According to the Federal Highway Administration (FHWA), West Virginia has one of the highest run-off-the-road crash frequencies in the nation. The state's challenging terrain and sharply curved roadways are likely contributing factors. Additional data from the FHWA indicates that 74 percent of all fatal crashes in West Virginia from 2011-2015 were roadway departure crashes.
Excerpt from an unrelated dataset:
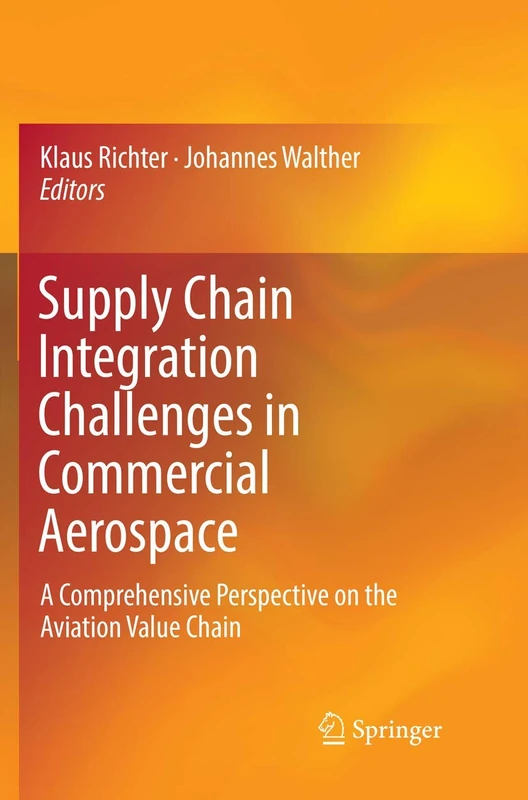 Supply Chain Integration Challenges in Commercial Aerospace: A Comprehensive Perspective on the Aviation Value Chain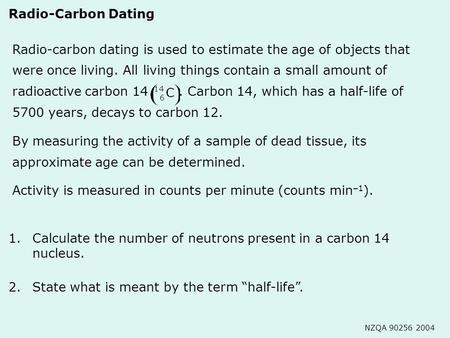 1.Calculate the number of neutrons present in a carbon 14 nucleus. Radio-carbon dating is used to estimate the age of objects that were once living. All.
To reduce these crashes, the FHWA initiated a roadway departure study in West Virginia. B&N worked with the West Virginia Department of Transportation’s Division of Highways (WVDOH) to evaluate 260 miles of U.S. and State routes with the highest occurrence of run-off-the-road crashes and identify potential low-cost solutions. To collect the most accurate data and determine the curve advisory speeds, B&N leveraged Curve Advisory Reporting Service (CARSTM) software. Nearly 3,000 miles were driven and over 1,000 curves were assessed, and the findings revealed that most of the curves had advisory speed postings that were incorrect or outdated. As a result, over 8,500 new signs were recommended.
In addition to determining the advisory speeds, B&N identified cost-effective practical design improvements including an automated spreadsheet for advisory speeds and maps for signage that have the potential to reduce run-off-the-road collisions. Lastly, contract documents were developed to address systematic and spot improvements and allow projects to move directly into construction.